General information
- Location: 1200 Alta Loma Road, West Hollywood, Los Angeles County, California
- Coordinates: 34°5′31″N 118°22′37″W﻿ / ﻿34.09194°N 118.37694°W
- Owner: George and Mark Rosenthal

Other information
- Number of rooms: 152

= Sunset Marquis Hotel =

Luxury hotel with recording studio, known for its musician and filmmaker clientele

Sunset Marquis Hotel is a luxury hotel in West Hollywood, Los Angeles County, California. It is owned by George and his son Mark Rosenthal, and located at 1200 Alta Loma Road, and situated just off the Sunset Strip. Known for its celebrity clientele, especially musicians and people in the film industry, the hotel offers 100 suites and 52 villas located on 3 1/4 acres. Cavatina, the hotel restaurant, is popular for an expansive al fresco dining area and Bar 1200 was the original Whiskey Bar. NightBird Recording Studios, a professional recording studio in the lower level of the hotel is very popular with professional musicians and many GRAMMY winning songs have been recorded here. The hotel is also home to the Morrison Hotel Gallery which features fine art photography of rock legends. As of October 2017 room rates range from $350 to $10,000 per night.

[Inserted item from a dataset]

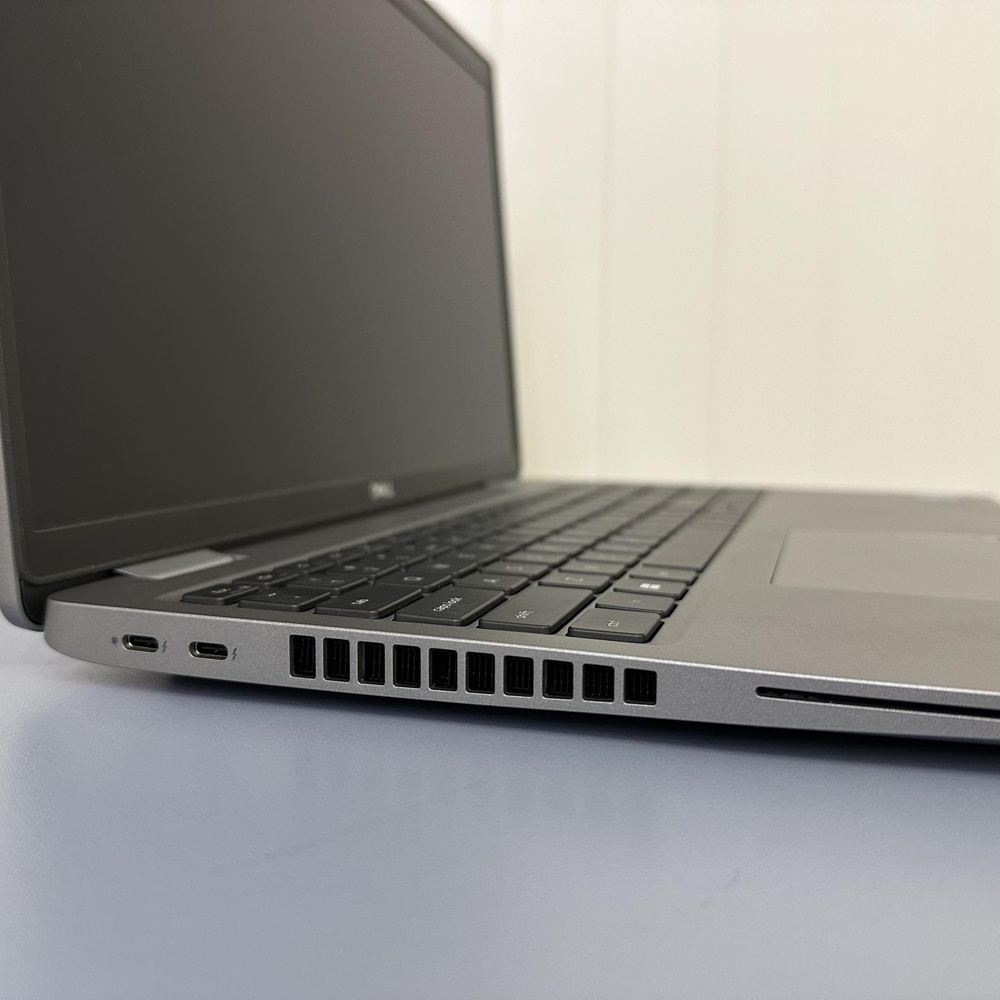 Dell Latitude 5520 Dell Latitude 5520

The hotel was the setting for the Rod Stewart music video “Tonight I'm Yours (Don't Hurt Me).”

==Architecture==
The Sunset Marquis is inspired by Mediterranean style villas, with white and cream buildings and clay tile roofs. It has 152 rooms.

==Cavatina==
The hotel restaurant is Cavatina.

==Bar 1200==
The bar of the hotel, known as BAR 1200, was established in 2005. It is a small bar and only accommodates about 60 people, but it is known as a hangout for musicians and celebrities. It is often visited by musicians such as Billy Gibbons, U2, Rolling Stones, Robbie Williams, John Mayer, and Aerosmith. It regularly hosts music industry and entertainment related events and parties. This is the original Whiskey Bar where Rande Gerber partnered with the Sunset Marquis to create the exclusive concept. Bar 1200 continues the legacy of appealing to the music industry and music lovers.